EXERCISE MATERIALS >>
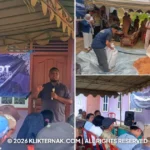 Klikternak 33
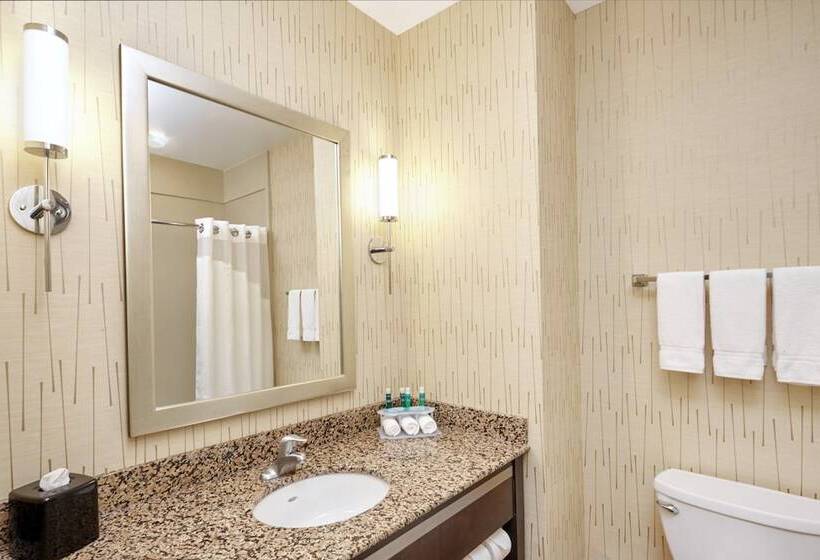 스탠다드 룸, Holiday Inn Express And Suites Columbia University Area, An Ihg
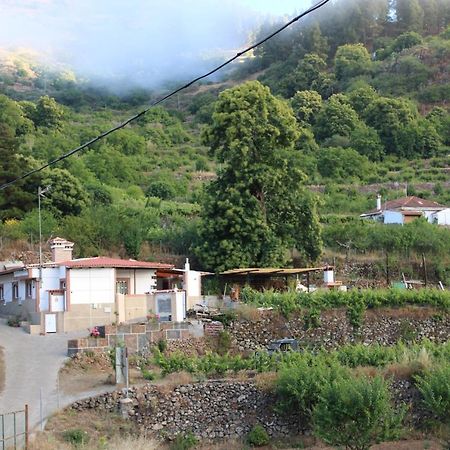 Finca El Cole Βίλα Λας Πάλμας ντε Γκραν Κανάρια Εξωτερικό φωτογραφία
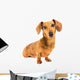 Dachshund Dog Wall Decal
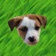 Cute Puppy - Stickers app icon - Stickers app for iPhone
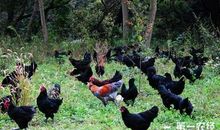 山地生态鸡的养殖技术要点论文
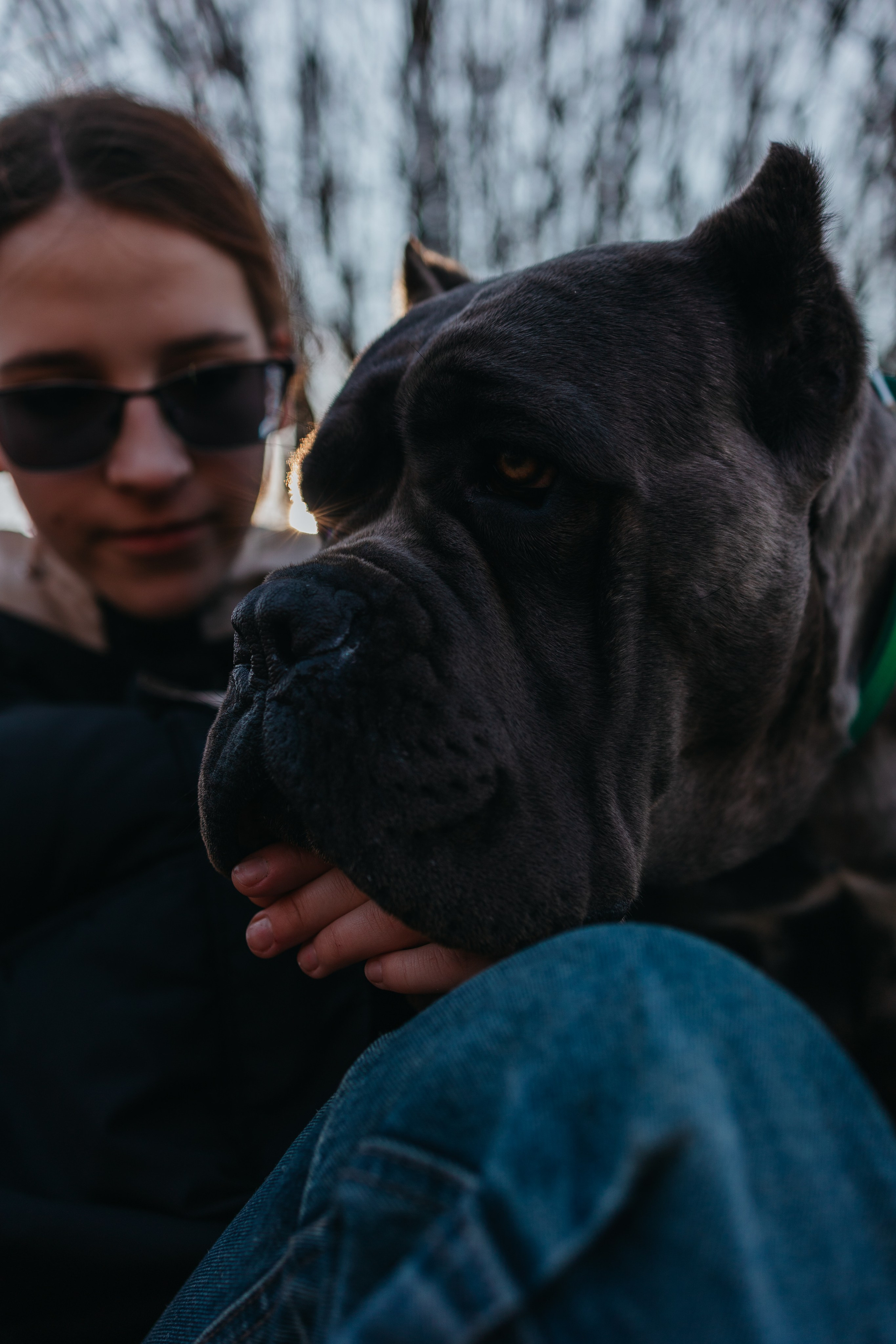 Лера, Ума и Винни. Фотограф — анималист Светлана Кысса|фотограф собак в Краснодаре и Нижнем Новгороде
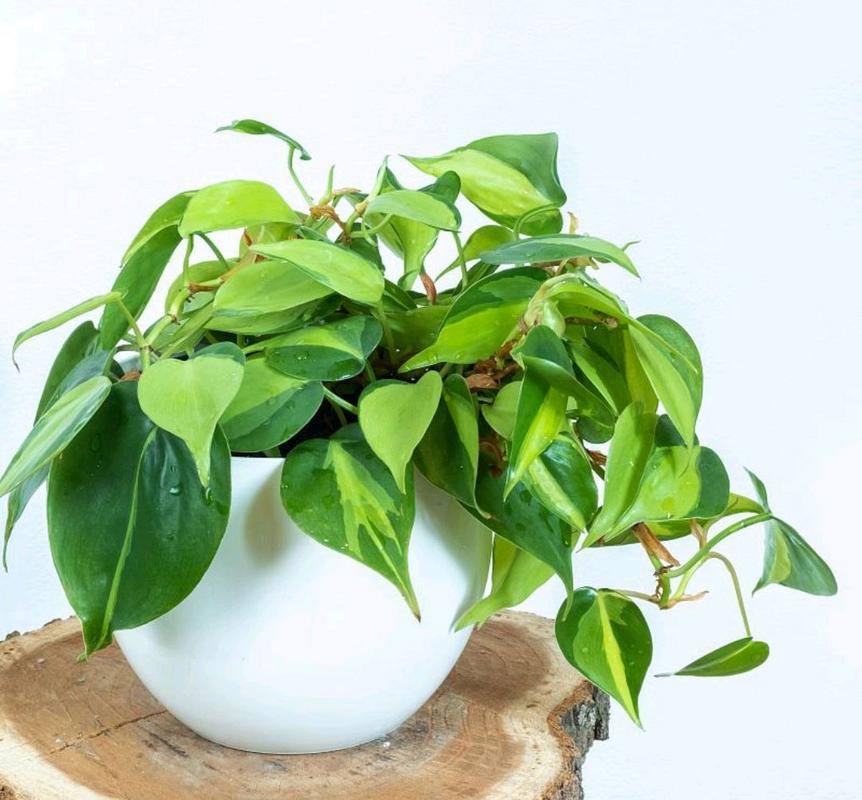 绿萝的叶子有多长，叶子能吃吗，绿萝的叶茎有多长-第2张图片-优品飞百科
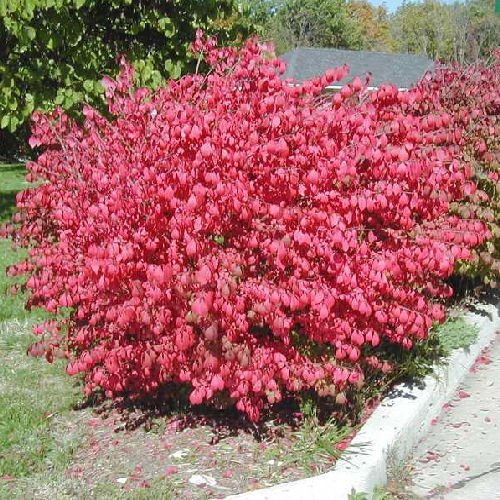 CORKED BURNING BUSH Euonymus alatus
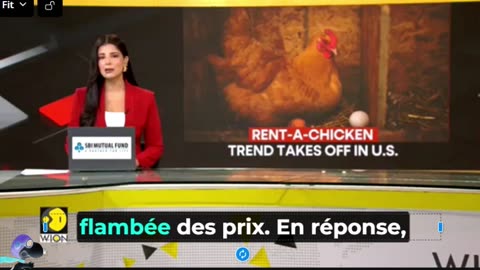GOLDEN EGG: RENT-A-CHICK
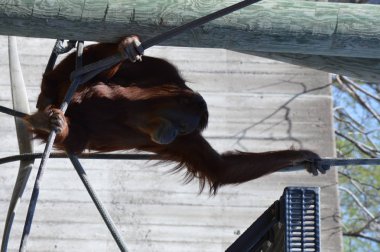 Açık havada bir orangutan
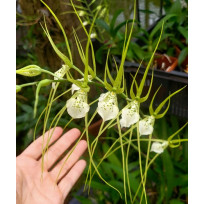 Brassia Verrucosa - AD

WHAT THE TASK REQUIRES >> A word-for-word copy is needed, starting at the first line of the listing and ending with the line bearing "绿萝的叶子有多长，叶子能吃吗，绿萝的叶茎有多长-第2张图片-优品飞百科". No pictures.

RESULT BELOW >>
 Klikternak 33
 스탠다드 룸, Holiday Inn Express And Suites Columbia University Area, An Ihg
 Finca El Cole Βίλα Λας Πάλμας ντε Γκραν Κανάρια Εξωτερικό φωτογραφία
 Dachshund Dog Wall Decal
 Cute Puppy - Stickers app icon - Stickers app for iPhone
 山地生态鸡的养殖技术要点论文
 Лера, Ума и Винни. Фотограф — анималист Светлана Кысса|фотограф собак в Краснодаре и Нижнем Новгороде
 绿萝的叶子有多长，叶子能吃吗，绿萝的叶茎有多长-第2张图片-优品飞百科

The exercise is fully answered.